In Lightning Components you can see the effect of this in code such as Apex callouts in helpers where you end up with:

    let self = this;

In our particular case, you could use an alternative - the fat arrow notation for defining functions.

 event => { this.handleOnValueChanged( event ) }

Which is *would* transpile to (or is synonymous with) this:

    function handleEvent(event) {
        var _this = this;
        ( function (event) { _this.handleOnValueChanged(event); });
    }

Look familiar?

The resulting code for adding the event handler could end up like this:

    allocatedEventListeners = false;

    renderedCallback() {
        if ( ! this.allocatedEventListeners ) {
            this.template.querySelector('.child')
                          .addEventListener( 'valuechanged',
                                            ( ( event ) => { this.handleOnValueChanged( event ) } ).bind() );
            this.allocatedEventListeners = true;
        }
    }

In the end, this would work. But no-one would suggest it was elegant. And in order to get it working we had to brush up against some advanced behaviour of 'this'. Now, I admit that people are going to have to learn how 'this' and its binding behaves in order to write reliable Lightning Web Components - but just to add an event handler?

The reality is that we don't have to think about it - Salesforce have given us a very usable shorthand for it, and we should be extremely grateful for it!

One of the things I’m most excited about in Lightning Web Components is the ability to write Unit Tests for the components.

The unit testing framework of choice is Jest, and it looks well suited. Not least it’s the framework of choice for Facebook, and describes itself as well suited to React apps. Why should that matter? Well, React is a 1-way bound Javascript framework - and so is LWC.

So I was looking forward to get into Unit Testing, following the documentation for testing wired components

Unfortunately, the documentation didn’t work out for me, and it looked like there’s a couple of mistakes in there:

The example ‘getRecord.json’ file isn’t valid JSON.

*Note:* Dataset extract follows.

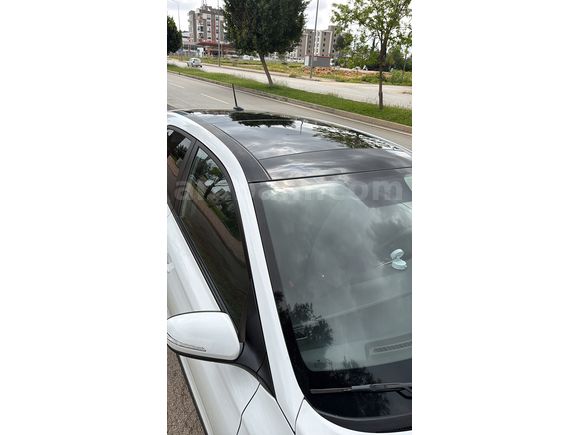 Sahibinden Hyundai i20 1.4 MPI Elite 2015 Model 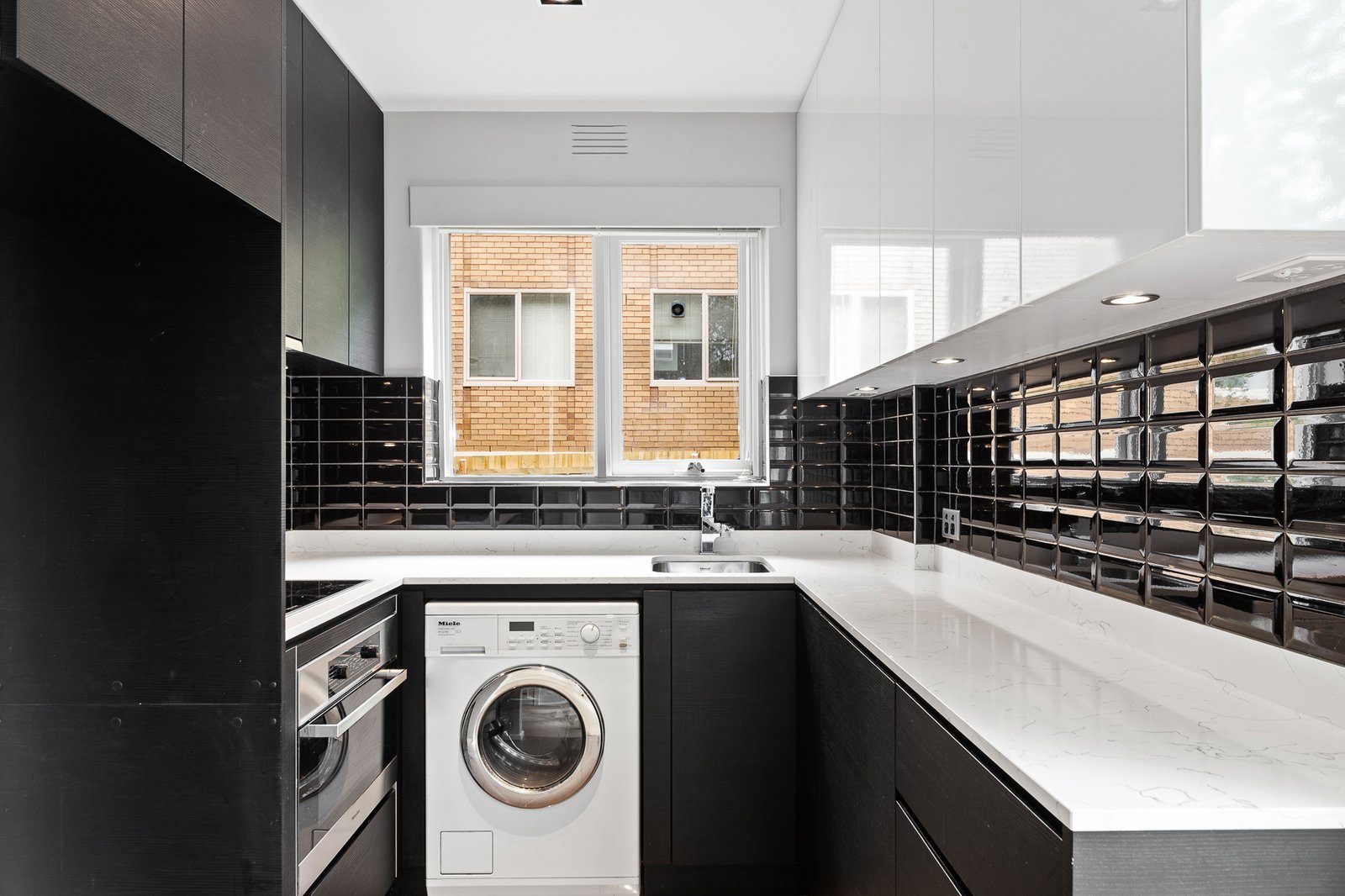Gallery: 1/53 Millswyn Street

In order for the file to work, the field names need to be surrounded in double quotes.

I.E. Instead of:

    // getRecord.json
    {
       fields: {
           Name: {
               value: "DYNAMO X1"
           }
       }
    }

The file should be:

    // getRecord.json
    {
       "fields": {
           "Name": {
               "value": "DYNAMO X1"
           }
       }
    }

Interrogating the ‘element’ for its state does not seem to work.

Instead, I found that I needed to get data from the document object.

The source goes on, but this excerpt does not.